■ Given data:
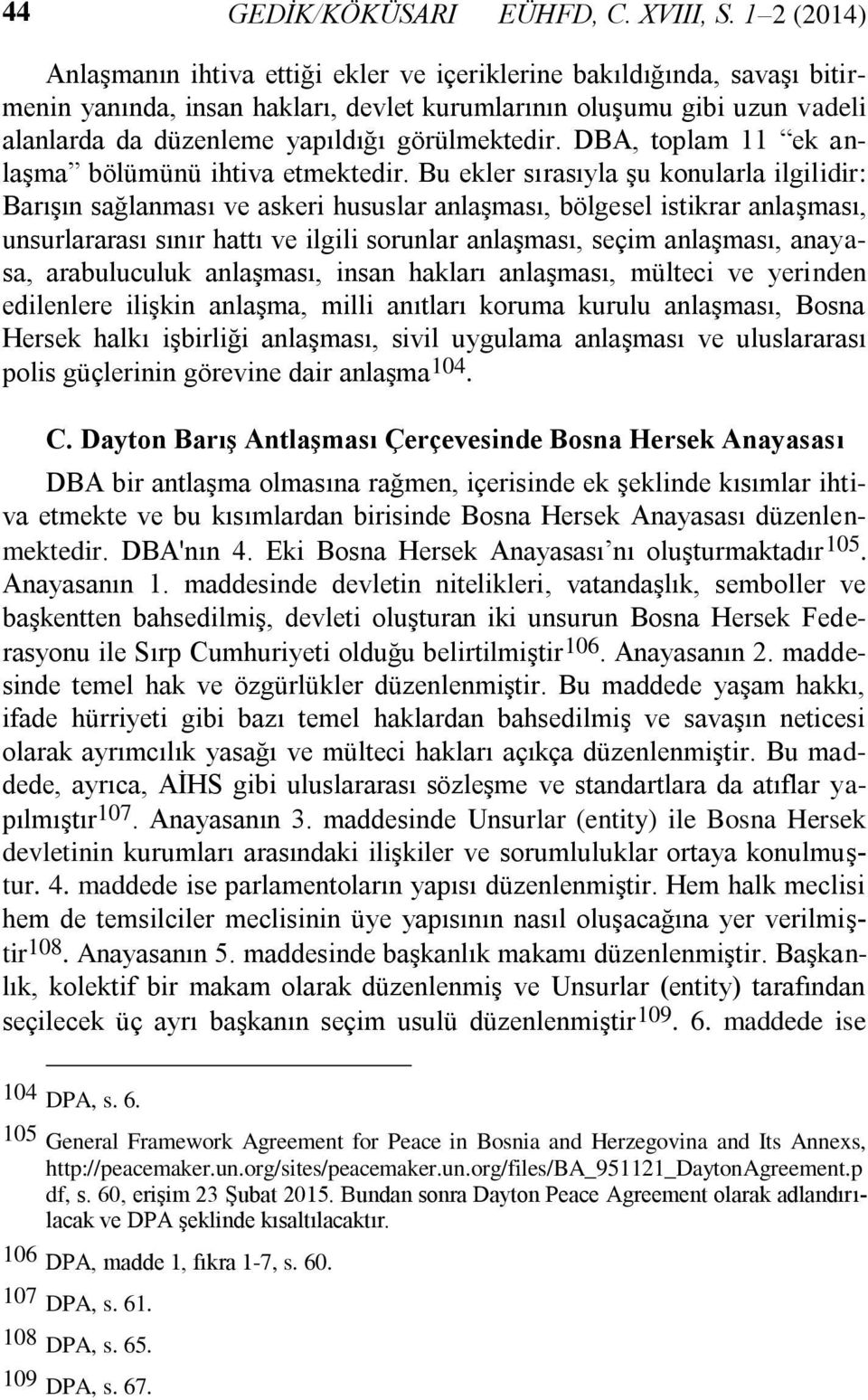 görülmektedir. DBA, toplam 11 ek anlaşma bölümünü ihtiva etmektedir.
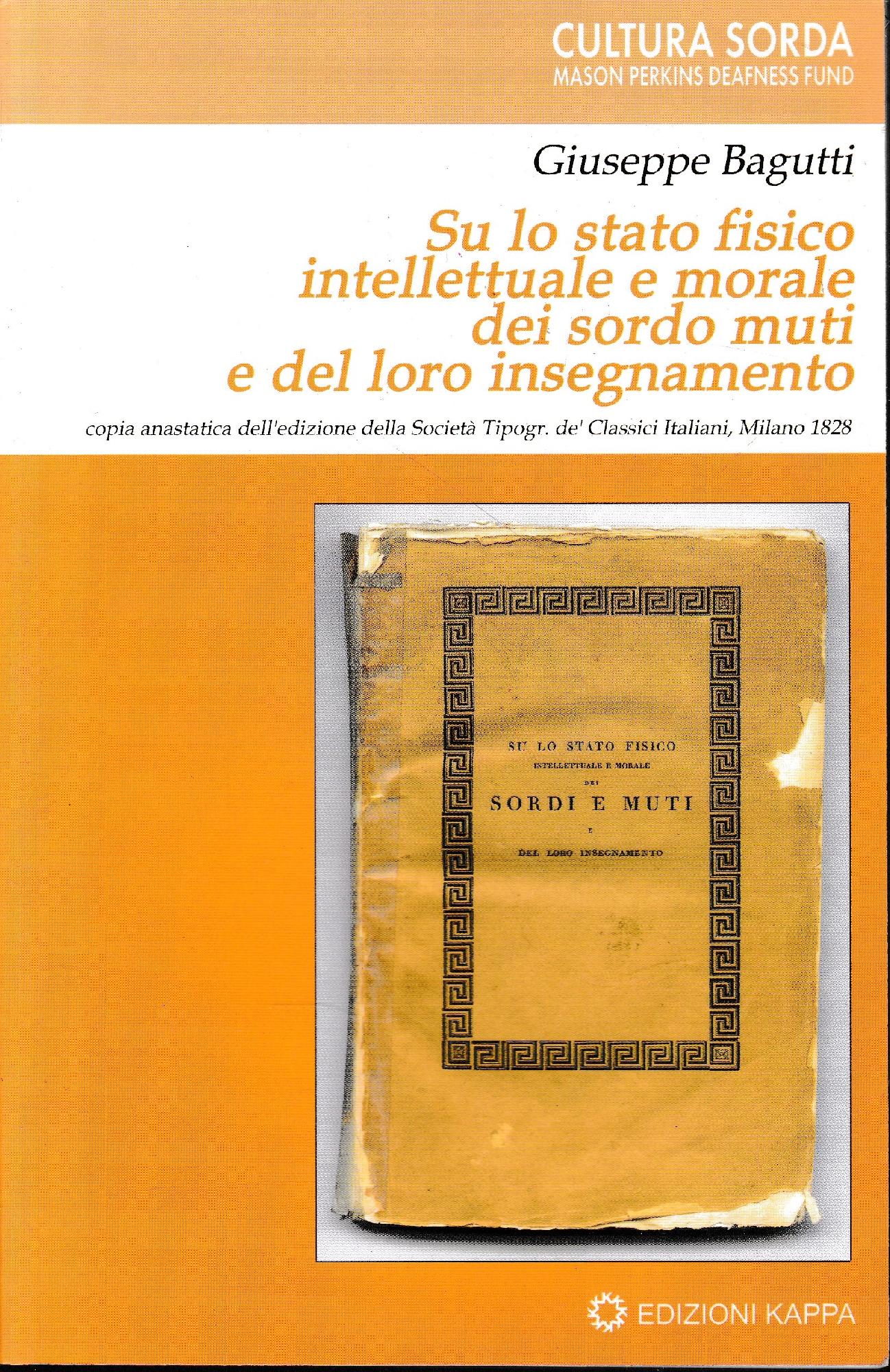 Su lo stato fisico intellettuale e morale dei sordo muti e del loro insegnamento (copia anastatica dell'edizione del 1828) - copertina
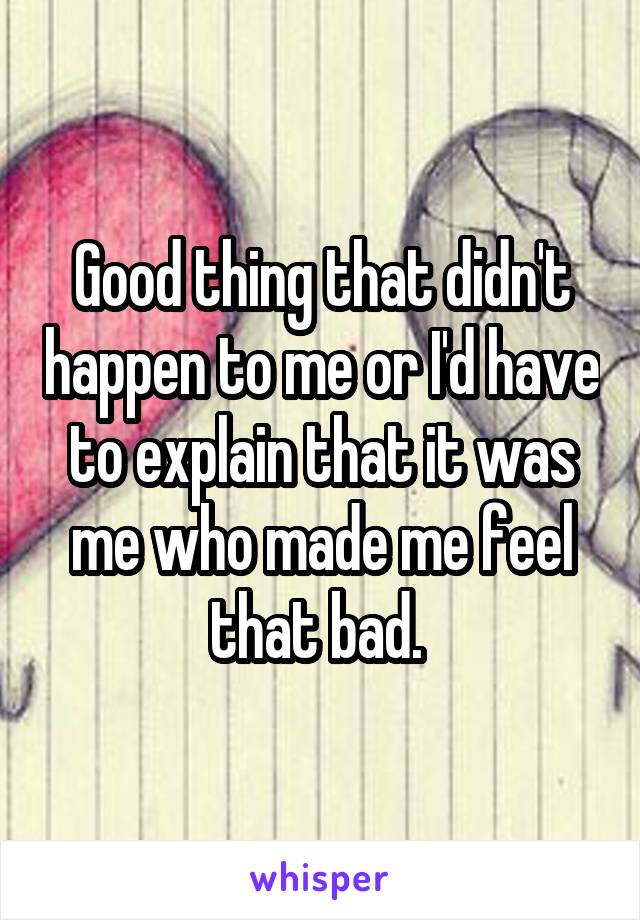 Good thing that didn't happen to me or I'd have to explain that it was me who made me feel that bad. 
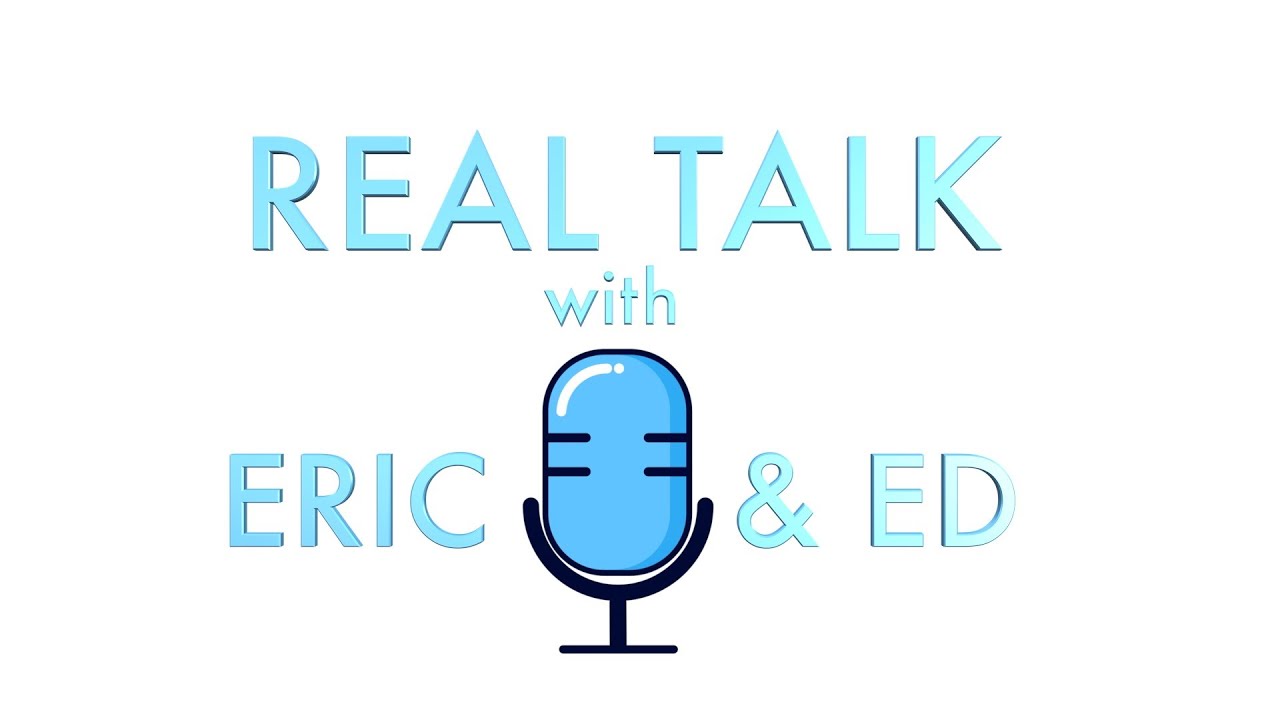 Real Talk with Eric and Ed ep 25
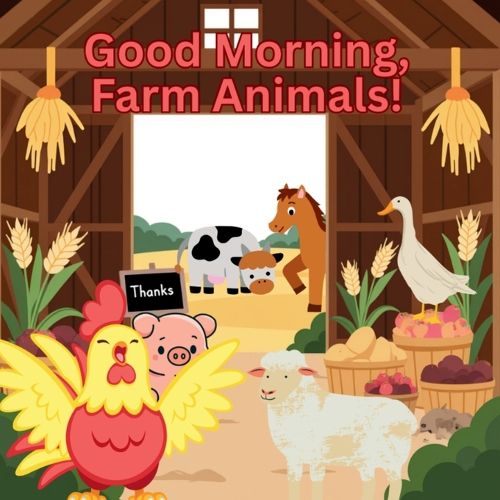 Cover image for Good Morning, Farm Animals!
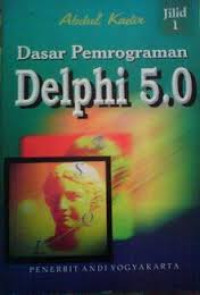 Dasar-Dasar Pemrograman Delphi 5.0 Jilid 1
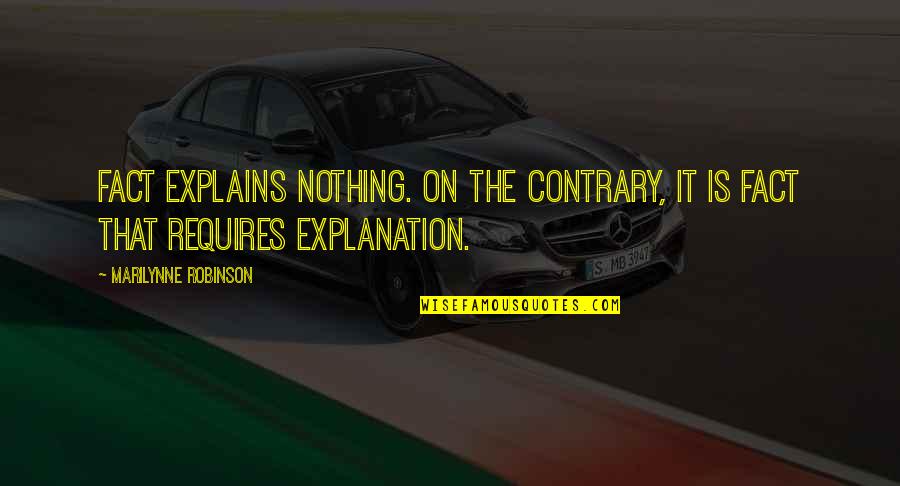 Explanation Quotes By Marilynne Robinson: Fact explains nothing. On the contrary, it is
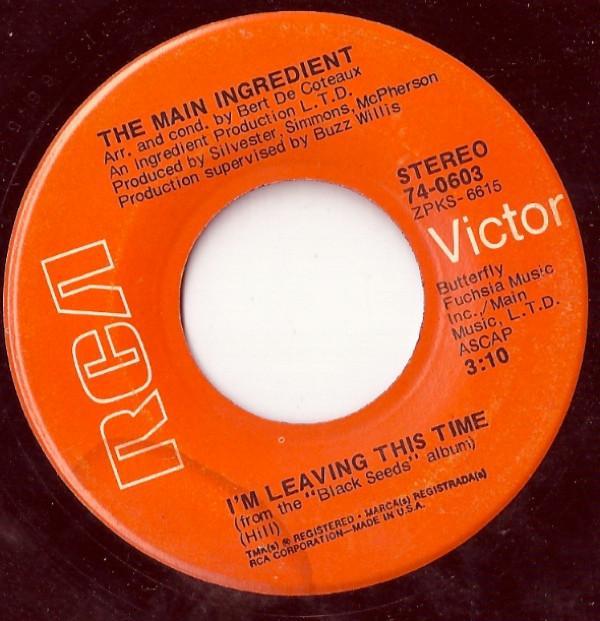 The Main Ingredient - I'm Leaving This Time / Another Day Has Come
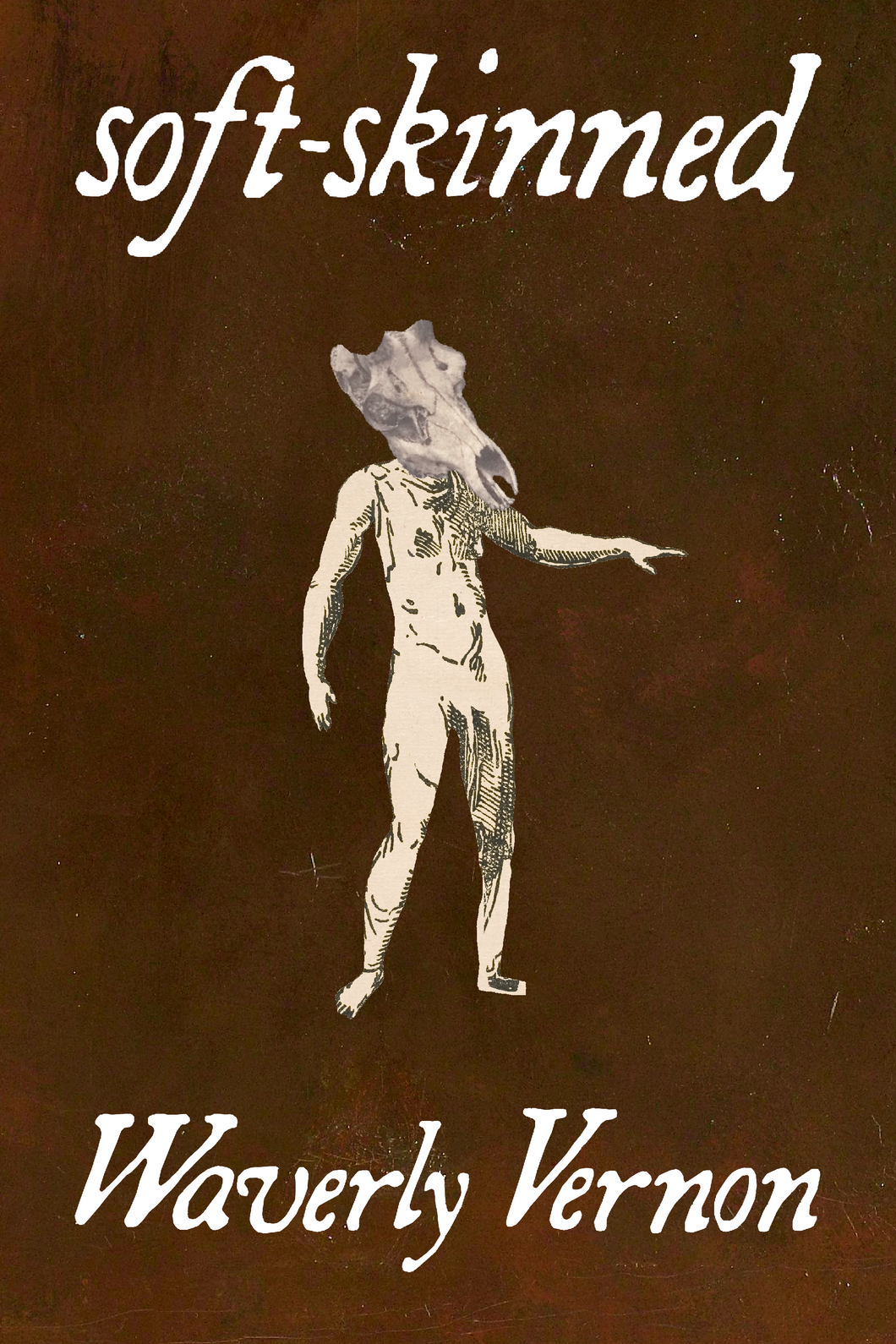 soft-skinned, by Waverly Vernon-Print Books-Bottlecap Press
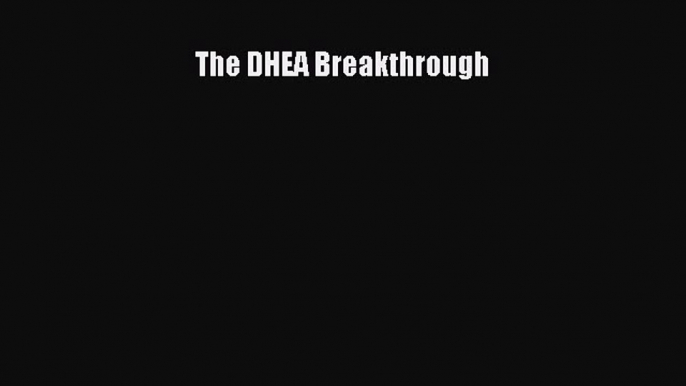 The DHEA Breakthrough Free Download Book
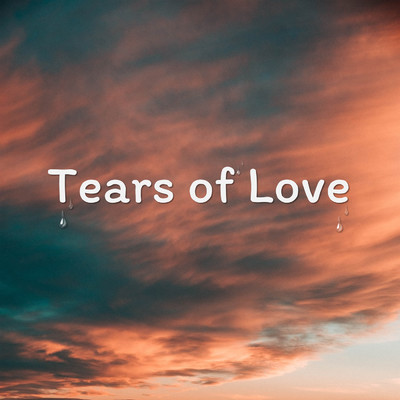 Tears of Love/Star Electric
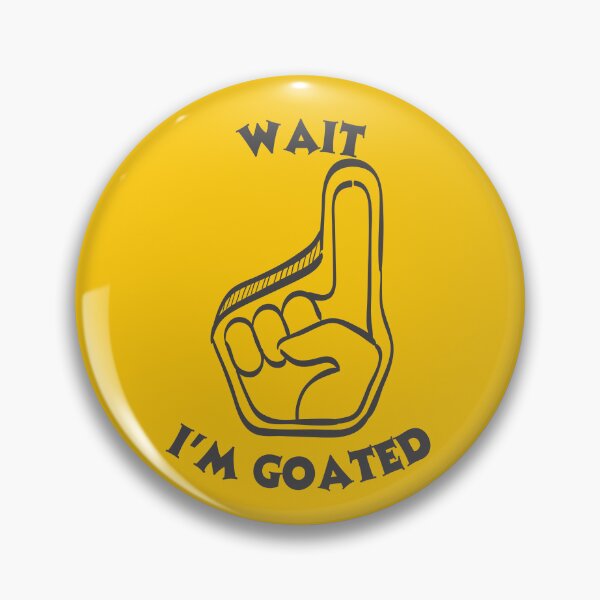 Item preview, Wait I'm Goated designed and sold by Wordsmith-Wear.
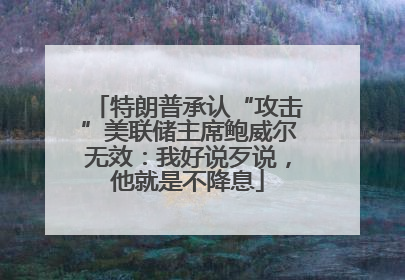 特朗普承认“攻击”美联储主席鲍威尔无效：我好说歹说，他就是不降息
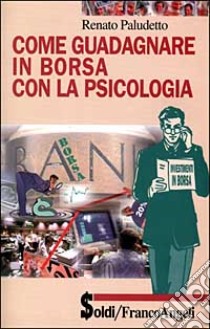 Come guadagnare in Borsa con la psicologia libro di Paludetto Renato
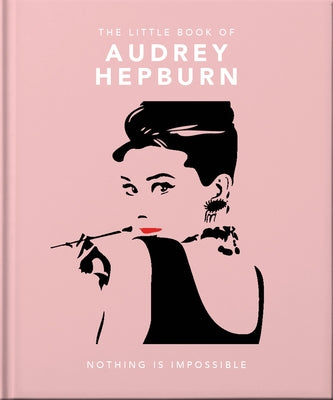 The Little Book of Audrey Hepburn by Jones, Caroline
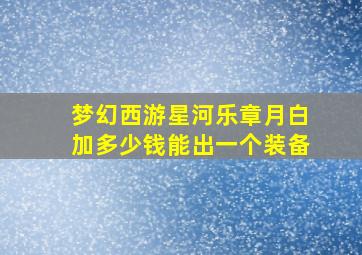 梦幻西游星河乐章月白加多少钱能出一个装备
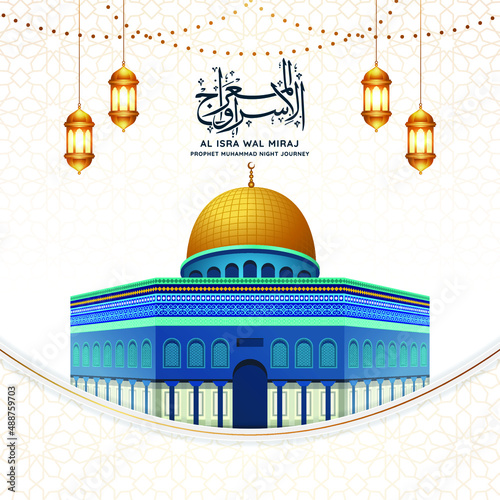 isra miraj calligraphy with masjid al Aqsa mosque vector illustration for prophet Muhammad nigh journey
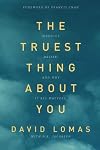 The Truest Thing about You: Identity, Desire, and Why It All Matters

■ Exercise aim: Pictures are to be omitted from the copy. Reproduce exactly, and only, the lines from the one containing "Real Talk with Eric and Ed ep 25" to the end of the listing above.

■ Answer box:
 Real Talk with Eric and Ed ep 25
 Cover image for Good Morning, Farm Animals!
 Dasar-Dasar Pemrograman Delphi 5.0 Jilid 1
 Explanation Quotes By Marilynne Robinson: Fact explains nothing. On the contrary, it is
 The Main Ingredient - I'm Leaving This Time / Another Day Has Come
 soft-skinned, by Waverly Vernon-Print Books-Bottlecap Press
 The DHEA Breakthrough Free Download Book
 Tears of Love/Star Electric
 Item preview, Wait I'm Goated designed and sold by Wordsmith-Wear.
 特朗普承认“攻击”美联储主席鲍威尔无效：我好说歹说，他就是不降息
 Come guadagnare in Borsa con la psicologia libro di Paludetto Renato
 The Little Book of Audrey Hepburn by Jones, Caroline
 梦幻西游星河乐章月白加多少钱能出一个装备
 isra miraj calligraphy with masjid al Aqsa mosque vector illustration for prophet Muhammad nigh journey
 The Truest Thing about You: Identity, Desire, and Why It All Matters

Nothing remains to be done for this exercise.